A few misconceptions continue to circulate here; let me try to shed some light.
First, the encryption system is apparently not practical in its current form. Maybe improvements will occur some day to make it practical, maybe not. It is still a major theoretical breakthrough because fully homomorphic encryption had often been thought to be impossible in the past. It has been a long sought goal in cryptography and it is remarkable to see it finally achieved. So in practice nobody is going to be doing spam filtering, income tax returns, or anonymous google searches any time soon.
Second, several people have gotten tripped up over an apparent weakness: if you can calculate E(X-Y) you can get an encryption of 0; if you can calculate E(X/Y) you can get an encryption of 1; and from these you could get other encryptions and potentially break the system. This idea fails for two reasons: first, it is a public-key system, so you don't need to go through all this rigamarole to get encryptions of 0, 1, or anything. In public key cryptography, anyone can encrypt data under a given key, without knowing any secrets. So it is already possible to get encryptions of known values, even without the special homomorphic properties. Second, in order for public key systems to be secure, they need to have a randomization property. In randomized encryption, there are multiple ciphertext values that encrypt the same plaintext. Basically, the encryption algorithm takes both the plaintext and a random value, and produces the ciphertext. Each different possible random value causes the same plaintext to go to a different ciphertext. The decryption algorithm nevertheless can take any of these different ciphertext values and produce the same plaintext.
This may be confusing because the most well known public key encryption system, RSA is not randomized. At the time it was invented, this aspect was not well understood. Shortly afterwards it became clear how important randomization is. Other encryption systems like ElGamal do use randomization, and RSA was adapted to allow randomization via what is called a "random padding" layer, known by the technical name PKCS-1. This adds the randomness which allows RSA to be used securely.

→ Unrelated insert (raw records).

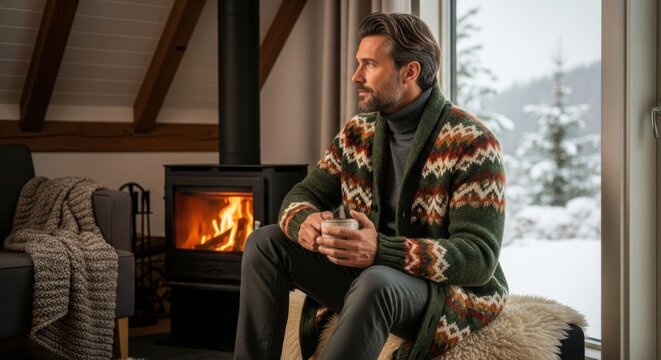 Man in sweater by fireplace holding mug looking out window at snowy landscape in cozy cabin setting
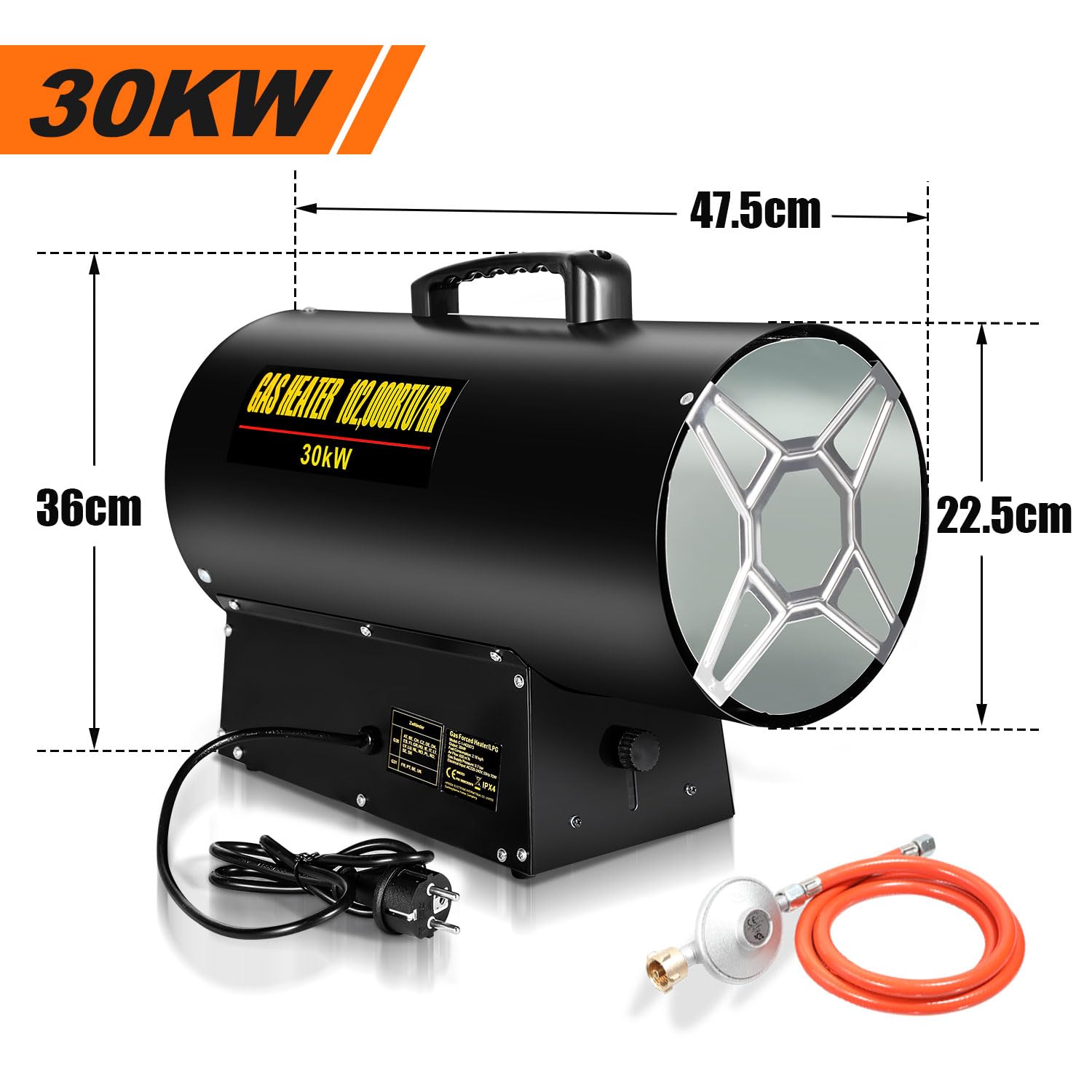 Eulenke Soplador calefactor de gas de 30 kW, calentador de gas, caudal de aire 650 m³/h, radiador calefactor de gas incl. manguera de gas y reductor de presión, cañón de calor, generador de aire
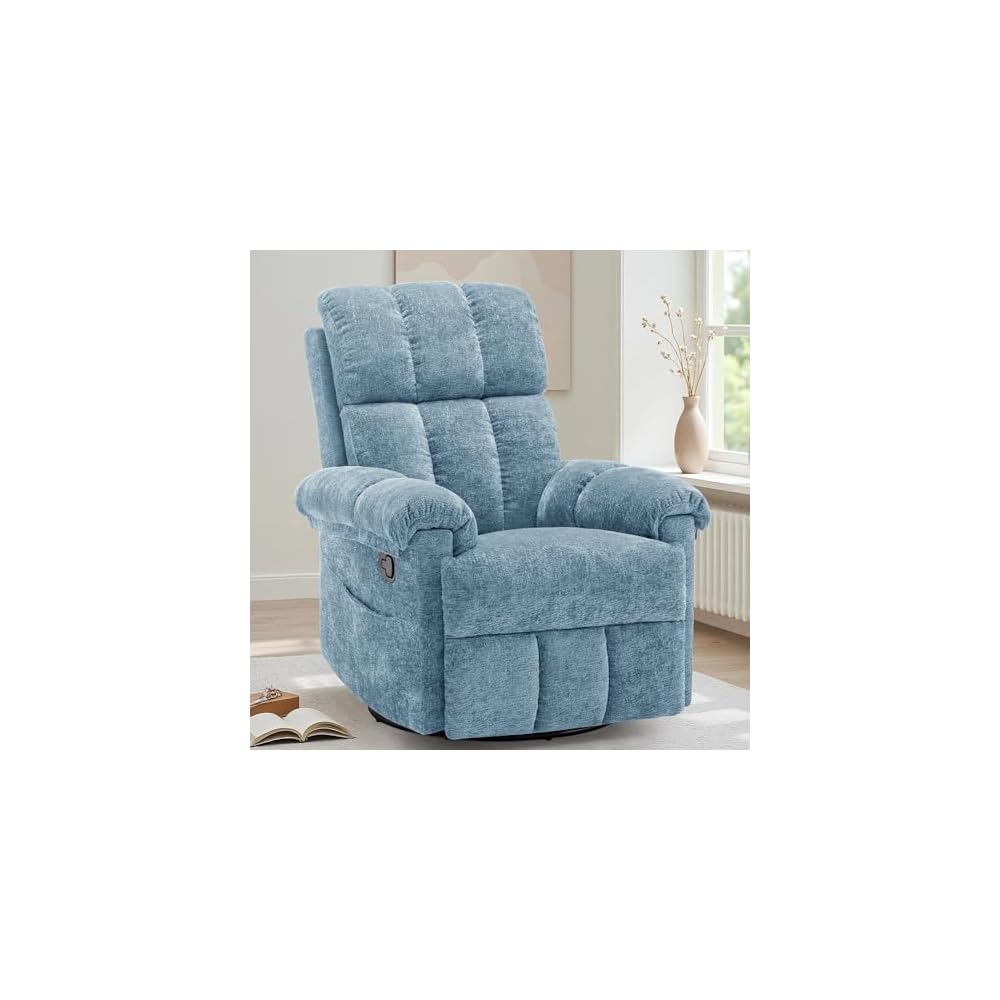 Korser Recliner Chair, Swivel Rocker Recliner Chair for Adults, Small Recliners for Small Spaces, Upholstered Manual Recliner with Side Pockets, Nursery Rocking Chair for Living Room, Chenille, Beige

One other point is that people are getting hung up about what "fully" homomorphic encryption covers. Exactly what operations can you do? I think the best way to think of it is to go down to the binary level. We know that in our computers, at the lowest level everything is 1's and 0's. These get combined with elementary logical operations like AND, OR, NOT, XOR, and so on. Using these primitive operations, all the complexity of modern programs can be built up.
In the case of the homomorphic encryption, it is probably best to think of the values being encrypted in binary form, as encryptions of 1's and 0's. Keep in mind the point above about randomized encryption: all the encryptions of 1 look different, as do all the encryptions of 0. You can't tell whether a given value encrypts a 1 or a 0. Given these encrypted values, you can compute AND, OR, XOR, NOT and so on with these values, and get new encrypted values as the answers. You don't know the value of the outputs, they are encrypted. Only the holder of the private key, who originally encrypted the data, could decrypt the output. But you can continue to work with these output values, do more calculations with them, and so on.
Let me give an example of how you could do an equality comparison. Suppose you have two encrypted values and want to determine if they are the same. Recall that we are working in binary, so you actually have two sequences of encrypted bits; some are encrypted 1's and some are encrypted 0's, but you can't tell which. So the first thing you compute is the XOR of corresponding bits in the two values: XOR the 1st bits of each value; XOR the 2nd bits of each value, and so on. Now if the values are equal, the results are all encryptions of 0's. If the values are different, some of the results will be encryptions of 1's. But again, you can't tell them apart. So now you compute the OR of all of these result bits. If all the result bits are 0's, the output will be an encryption of 0; if any of the result bits were 1's, the output will be an encryption of 1. So this output bit tells whether the original values were the same: if it is an encryption of 0, they were the same; if an encryption of 1, they were not. Once again, you can't tell which it is, but it holds the answer to your equality question.
The point is that you work with encrypted bits, you can perform any calculations you like on them, creating the equivalent of a logic circuit; and all the way through and at the end, all of the intermediate and final results are encrypted bits too. You don't learn anything about any of the values you are working with; a 1 looks the same as a 0 to you. But you can compute any circuit you want. In the end you can send the output back to the person who owns the private key, and only they can decrypt the data and learn the final result.